[Stored entries]
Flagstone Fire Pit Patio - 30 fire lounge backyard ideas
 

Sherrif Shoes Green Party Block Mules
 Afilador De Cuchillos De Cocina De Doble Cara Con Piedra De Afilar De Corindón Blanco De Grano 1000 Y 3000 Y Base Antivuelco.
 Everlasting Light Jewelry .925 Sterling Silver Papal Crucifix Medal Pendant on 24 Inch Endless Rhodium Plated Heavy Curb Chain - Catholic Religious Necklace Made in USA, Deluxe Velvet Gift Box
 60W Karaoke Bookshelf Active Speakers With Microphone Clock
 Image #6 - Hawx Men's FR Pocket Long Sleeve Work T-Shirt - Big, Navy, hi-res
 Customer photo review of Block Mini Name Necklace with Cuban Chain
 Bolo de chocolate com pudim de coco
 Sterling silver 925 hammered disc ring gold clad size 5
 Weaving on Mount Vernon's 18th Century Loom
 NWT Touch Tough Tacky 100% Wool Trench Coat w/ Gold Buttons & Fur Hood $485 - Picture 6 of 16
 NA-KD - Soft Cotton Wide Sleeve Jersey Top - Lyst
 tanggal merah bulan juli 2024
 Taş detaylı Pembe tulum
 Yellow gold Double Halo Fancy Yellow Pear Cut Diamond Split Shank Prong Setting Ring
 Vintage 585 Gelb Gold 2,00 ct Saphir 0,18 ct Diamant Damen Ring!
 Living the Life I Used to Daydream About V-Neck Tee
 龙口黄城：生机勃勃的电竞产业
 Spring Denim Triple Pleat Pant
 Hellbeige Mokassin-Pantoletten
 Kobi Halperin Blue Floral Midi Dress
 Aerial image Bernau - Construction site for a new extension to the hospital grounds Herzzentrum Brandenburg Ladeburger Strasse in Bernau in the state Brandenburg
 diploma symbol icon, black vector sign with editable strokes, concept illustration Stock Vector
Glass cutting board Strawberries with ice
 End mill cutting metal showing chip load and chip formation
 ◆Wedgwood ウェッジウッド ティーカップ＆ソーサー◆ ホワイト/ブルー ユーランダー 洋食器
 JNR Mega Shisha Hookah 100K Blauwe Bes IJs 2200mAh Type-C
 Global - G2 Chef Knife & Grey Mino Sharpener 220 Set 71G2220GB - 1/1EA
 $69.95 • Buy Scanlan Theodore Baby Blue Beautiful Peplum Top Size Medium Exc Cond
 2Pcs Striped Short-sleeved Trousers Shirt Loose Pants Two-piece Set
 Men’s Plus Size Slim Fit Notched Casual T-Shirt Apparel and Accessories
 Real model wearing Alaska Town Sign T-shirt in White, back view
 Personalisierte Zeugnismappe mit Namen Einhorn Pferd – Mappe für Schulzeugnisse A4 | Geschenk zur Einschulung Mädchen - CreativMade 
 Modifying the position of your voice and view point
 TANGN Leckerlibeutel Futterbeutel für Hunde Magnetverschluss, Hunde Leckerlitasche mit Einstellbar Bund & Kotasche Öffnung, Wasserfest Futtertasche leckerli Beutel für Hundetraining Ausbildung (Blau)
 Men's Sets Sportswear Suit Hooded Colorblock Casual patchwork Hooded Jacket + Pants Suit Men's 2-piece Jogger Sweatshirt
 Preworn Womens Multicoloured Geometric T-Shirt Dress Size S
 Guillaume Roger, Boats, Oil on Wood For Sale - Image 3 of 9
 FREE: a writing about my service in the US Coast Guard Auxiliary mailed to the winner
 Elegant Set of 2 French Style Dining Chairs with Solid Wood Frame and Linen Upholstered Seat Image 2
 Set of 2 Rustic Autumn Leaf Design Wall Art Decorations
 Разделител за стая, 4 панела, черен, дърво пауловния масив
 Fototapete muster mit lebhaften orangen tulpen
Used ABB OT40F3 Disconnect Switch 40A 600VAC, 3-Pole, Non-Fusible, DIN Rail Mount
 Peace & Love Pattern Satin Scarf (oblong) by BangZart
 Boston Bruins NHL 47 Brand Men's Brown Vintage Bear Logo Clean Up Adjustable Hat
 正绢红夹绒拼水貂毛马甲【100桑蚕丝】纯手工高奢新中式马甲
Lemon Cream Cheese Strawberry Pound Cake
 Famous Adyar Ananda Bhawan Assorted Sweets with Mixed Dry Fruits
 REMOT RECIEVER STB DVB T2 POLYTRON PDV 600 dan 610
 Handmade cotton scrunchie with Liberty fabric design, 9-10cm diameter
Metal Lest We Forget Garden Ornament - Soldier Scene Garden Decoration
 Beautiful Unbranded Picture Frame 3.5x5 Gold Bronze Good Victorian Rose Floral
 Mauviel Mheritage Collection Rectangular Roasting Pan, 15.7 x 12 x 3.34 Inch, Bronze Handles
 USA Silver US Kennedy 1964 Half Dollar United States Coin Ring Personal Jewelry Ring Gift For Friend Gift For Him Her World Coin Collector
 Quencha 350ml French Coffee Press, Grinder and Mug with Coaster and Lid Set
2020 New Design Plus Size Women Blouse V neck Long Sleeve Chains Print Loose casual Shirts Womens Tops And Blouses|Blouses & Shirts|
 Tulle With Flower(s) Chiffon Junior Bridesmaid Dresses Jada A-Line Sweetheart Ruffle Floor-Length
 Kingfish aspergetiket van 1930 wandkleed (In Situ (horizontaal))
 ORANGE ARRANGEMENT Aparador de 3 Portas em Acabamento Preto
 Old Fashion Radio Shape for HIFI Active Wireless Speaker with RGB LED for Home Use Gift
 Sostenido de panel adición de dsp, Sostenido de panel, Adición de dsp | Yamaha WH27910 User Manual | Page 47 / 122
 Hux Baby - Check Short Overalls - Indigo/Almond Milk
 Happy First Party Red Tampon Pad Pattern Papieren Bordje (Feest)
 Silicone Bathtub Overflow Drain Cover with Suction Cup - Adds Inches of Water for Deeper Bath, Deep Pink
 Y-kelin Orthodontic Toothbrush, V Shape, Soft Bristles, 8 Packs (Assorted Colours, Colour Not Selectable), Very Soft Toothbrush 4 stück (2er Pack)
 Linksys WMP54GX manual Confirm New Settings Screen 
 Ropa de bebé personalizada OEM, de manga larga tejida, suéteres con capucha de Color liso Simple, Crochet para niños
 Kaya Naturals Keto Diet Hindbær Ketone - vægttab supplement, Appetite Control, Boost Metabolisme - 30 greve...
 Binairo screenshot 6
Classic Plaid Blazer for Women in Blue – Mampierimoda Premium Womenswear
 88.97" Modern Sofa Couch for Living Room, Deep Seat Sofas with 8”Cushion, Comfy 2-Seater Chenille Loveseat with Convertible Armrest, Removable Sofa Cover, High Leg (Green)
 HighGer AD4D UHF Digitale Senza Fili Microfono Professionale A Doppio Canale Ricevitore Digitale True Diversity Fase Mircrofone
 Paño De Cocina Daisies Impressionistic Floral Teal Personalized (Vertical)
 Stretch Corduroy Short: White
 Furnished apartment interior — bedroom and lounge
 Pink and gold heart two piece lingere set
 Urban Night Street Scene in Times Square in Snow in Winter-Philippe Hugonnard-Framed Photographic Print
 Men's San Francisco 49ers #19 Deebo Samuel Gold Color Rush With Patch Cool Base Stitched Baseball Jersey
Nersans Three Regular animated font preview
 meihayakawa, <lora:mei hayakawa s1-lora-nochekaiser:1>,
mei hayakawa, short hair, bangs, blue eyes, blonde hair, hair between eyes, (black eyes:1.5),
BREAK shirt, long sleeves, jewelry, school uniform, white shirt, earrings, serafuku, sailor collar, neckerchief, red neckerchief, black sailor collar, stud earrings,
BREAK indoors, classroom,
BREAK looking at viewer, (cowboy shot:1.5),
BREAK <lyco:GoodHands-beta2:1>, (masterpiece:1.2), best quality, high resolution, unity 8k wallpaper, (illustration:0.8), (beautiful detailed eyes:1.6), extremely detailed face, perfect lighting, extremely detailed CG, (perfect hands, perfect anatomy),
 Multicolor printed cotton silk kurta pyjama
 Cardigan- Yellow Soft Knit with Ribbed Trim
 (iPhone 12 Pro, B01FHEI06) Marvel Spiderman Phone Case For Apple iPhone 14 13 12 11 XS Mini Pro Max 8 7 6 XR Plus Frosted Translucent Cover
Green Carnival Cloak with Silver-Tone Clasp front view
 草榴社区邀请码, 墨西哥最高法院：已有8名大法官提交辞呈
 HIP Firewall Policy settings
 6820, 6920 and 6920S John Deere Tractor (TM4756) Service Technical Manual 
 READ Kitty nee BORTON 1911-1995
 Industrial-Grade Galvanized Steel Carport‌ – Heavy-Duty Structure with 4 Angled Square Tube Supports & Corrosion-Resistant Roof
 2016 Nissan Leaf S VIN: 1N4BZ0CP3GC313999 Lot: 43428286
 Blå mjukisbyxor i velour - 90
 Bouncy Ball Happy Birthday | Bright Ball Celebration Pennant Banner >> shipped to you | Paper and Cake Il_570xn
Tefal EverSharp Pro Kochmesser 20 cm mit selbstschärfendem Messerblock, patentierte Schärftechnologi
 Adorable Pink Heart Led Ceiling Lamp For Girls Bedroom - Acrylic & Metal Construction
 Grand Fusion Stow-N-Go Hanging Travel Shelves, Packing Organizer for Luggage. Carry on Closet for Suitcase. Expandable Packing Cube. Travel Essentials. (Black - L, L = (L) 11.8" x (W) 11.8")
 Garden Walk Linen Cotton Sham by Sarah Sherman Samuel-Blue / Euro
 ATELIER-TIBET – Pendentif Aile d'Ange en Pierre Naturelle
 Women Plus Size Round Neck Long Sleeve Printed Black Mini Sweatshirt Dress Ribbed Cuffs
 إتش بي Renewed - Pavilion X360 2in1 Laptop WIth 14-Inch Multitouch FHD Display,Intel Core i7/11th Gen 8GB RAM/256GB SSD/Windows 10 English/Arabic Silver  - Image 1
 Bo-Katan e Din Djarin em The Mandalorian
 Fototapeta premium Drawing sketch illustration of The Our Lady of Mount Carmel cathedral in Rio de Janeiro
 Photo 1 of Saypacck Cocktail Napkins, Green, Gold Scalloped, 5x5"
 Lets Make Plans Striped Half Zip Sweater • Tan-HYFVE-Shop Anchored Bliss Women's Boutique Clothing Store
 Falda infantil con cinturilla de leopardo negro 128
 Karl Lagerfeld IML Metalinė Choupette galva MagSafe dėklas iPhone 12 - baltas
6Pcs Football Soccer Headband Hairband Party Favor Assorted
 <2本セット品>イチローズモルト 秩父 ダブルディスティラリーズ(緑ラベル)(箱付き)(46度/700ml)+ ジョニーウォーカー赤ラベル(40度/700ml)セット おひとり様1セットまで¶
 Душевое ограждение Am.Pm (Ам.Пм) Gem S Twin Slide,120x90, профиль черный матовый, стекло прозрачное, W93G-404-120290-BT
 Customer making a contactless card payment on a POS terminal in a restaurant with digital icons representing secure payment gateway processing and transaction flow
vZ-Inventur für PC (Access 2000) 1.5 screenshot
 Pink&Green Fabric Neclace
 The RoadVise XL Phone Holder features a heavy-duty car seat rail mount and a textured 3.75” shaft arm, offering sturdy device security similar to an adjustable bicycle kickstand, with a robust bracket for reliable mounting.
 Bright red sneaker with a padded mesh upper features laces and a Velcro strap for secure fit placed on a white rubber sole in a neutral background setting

### TASK PROMPT:
Quote only the stretch of lines that starts the data above and ends with the line containing "2Pcs Striped Short-sleeved", both included.

### TASK RESPONSE:
Flagstone Fire Pit Patio - 30 fire lounge backyard ideas
 

Sherrif Shoes Green Party Block Mules
 Afilador De Cuchillos De Cocina De Doble Cara Con Piedra De Afilar De Corindón Blanco De Grano 1000 Y 3000 Y Base Antivuelco.
 Everlasting Light Jewelry .925 Sterling Silver Papal Crucifix Medal Pendant on 24 Inch Endless Rhodium Plated Heavy Curb Chain - Catholic Religious Necklace Made in USA, Deluxe Velvet Gift Box
 60W Karaoke Bookshelf Active Speakers With Microphone Clock
 Image #6 - Hawx Men's FR Pocket Long Sleeve Work T-Shirt - Big, Navy, hi-res
 Customer photo review of Block Mini Name Necklace with Cuban Chain
 Bolo de chocolate com pudim de coco
 Sterling silver 925 hammered disc ring gold clad size 5
 Weaving on Mount Vernon's 18th Century Loom
 NWT Touch Tough Tacky 100% Wool Trench Coat w/ Gold Buttons & Fur Hood $485 - Picture 6 of 16
 NA-KD - Soft Cotton Wide Sleeve Jersey Top - Lyst
 tanggal merah bulan juli 2024
 Taş detaylı Pembe tulum
 Yellow gold Double Halo Fancy Yellow Pear Cut Diamond Split Shank Prong Setting Ring
 Vintage 585 Gelb Gold 2,00 ct Saphir 0,18 ct Diamant Damen Ring!
 Living the Life I Used to Daydream About V-Neck Tee
 龙口黄城：生机勃勃的电竞产业
 Spring Denim Triple Pleat Pant
 Hellbeige Mokassin-Pantoletten
 Kobi Halperin Blue Floral Midi Dress
 Aerial image Bernau - Construction site for a new extension to the hospital grounds Herzzentrum Brandenburg Ladeburger Strasse in Bernau in the state Brandenburg
 diploma symbol icon, black vector sign with editable strokes, concept illustration Stock Vector
Glass cutting board Strawberries with ice
 End mill cutting metal showing chip load and chip formation
 ◆Wedgwood ウェッジウッド ティーカップ＆ソーサー◆ ホワイト/ブルー ユーランダー 洋食器
 JNR Mega Shisha Hookah 100K Blauwe Bes IJs 2200mAh Type-C
 Global - G2 Chef Knife & Grey Mino Sharpener 220 Set 71G2220GB - 1/1EA
 $69.95 • Buy Scanlan Theodore Baby Blue Beautiful Peplum Top Size Medium Exc Cond
 2Pcs Striped Short-sleeved Trousers Shirt Loose Pants Two-piece Set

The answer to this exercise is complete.